TPM digs into the background of the author of a new report on voter ID being promoted by the conservative mediasphere.

Horace Cooper, the author of the paper, told the Daily Caller this week that voter fraud “criminals — more often than not — are Democrats violating the rights of people who tend to be black or senior.”

Cooper may not have any expertise on voter fraud, but he does know a thing or two about falsifying documents. Cooper was indicted in 2009 on five public corruption charges, charged with exchanging political favors for gifts from Jack Abramoff. Cooper allegedly accepted bribes as a staffer to former Majority Leader Dick Armey, as chief of staff for Voice of America and when he worked for the Department of Labor.
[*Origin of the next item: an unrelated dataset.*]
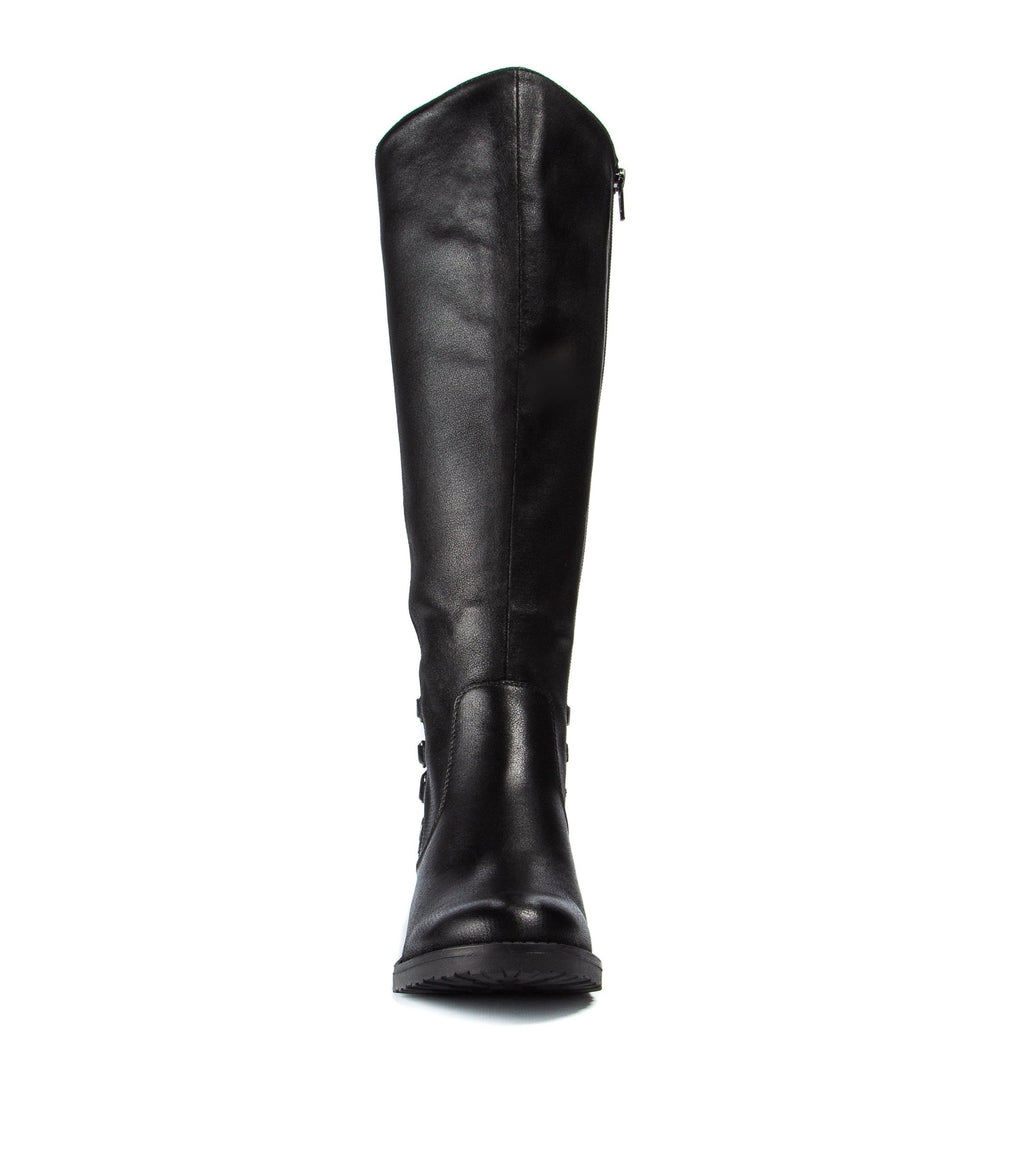 Ornella Tall Boot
Cooper later pleaded guilty to a misdemeanor charge of falsifying a disclosure report and was sentenced to 36 months of probation. [...]
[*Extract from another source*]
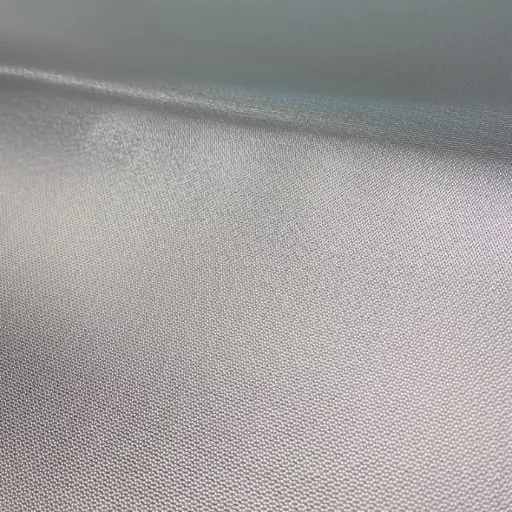 [31003] LASIKUITUKANGAS 105 G/M2 4H SATIN 1,20M HEXFORCE 00120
Cooper authored the paper on behalf of the National Center for Public Policy Research. As TPM reported in April, the NCPPR — which described itself as a “conservative, free-market, non-profit think-tank” — formed a Voter Identification Task Force to continue ALEC’s “excellent work” in “promoting measures to enhance integrity in voting.”

And the conservative noise machine will do its part.

The Ministry of Truth Fox News is currently flogging the report drafted by Cooper, the convicted former protege of Jack Abramoff and Dick Armey.

From Media Matters

Fox News hyped a flawed report from the National Center for Public Policy Research (NCPPR) purporting to claim that voter ID laws protect the poor and minorities. But Fox host Steve Doocy failed to acknowledge the conservative group's self-proclaimed mission to continue the "excellent work" of the controversial American Legislative Exchange Council.

On Fox & Friends, Doocy promoted a NCPPR piece, claiming that the report demonstrated that "blacks and the poor are the most common victims of voter fraud, and would be protected by voter ID laws."

That's right. Voter suppression laws are here to protect you.

Also -- pollution has what plants crave. And tax cuts for the rich will trickle down to you. We promise. The Fox is perfectly qualified to guard the hen house.

The good news is it's unlikely this kind of propaganda will hold up in court, especially if the state admits there is no evidence that voter fraud is a problem, as was recently the case in Pennsylvania.

The ACLU and NAACP presented their closing arguments yesterday in their case against the state of Pennsylvania's new voter ID law which could disenfranchise hundreds of thousands of voters. A ruling is expected before the November election.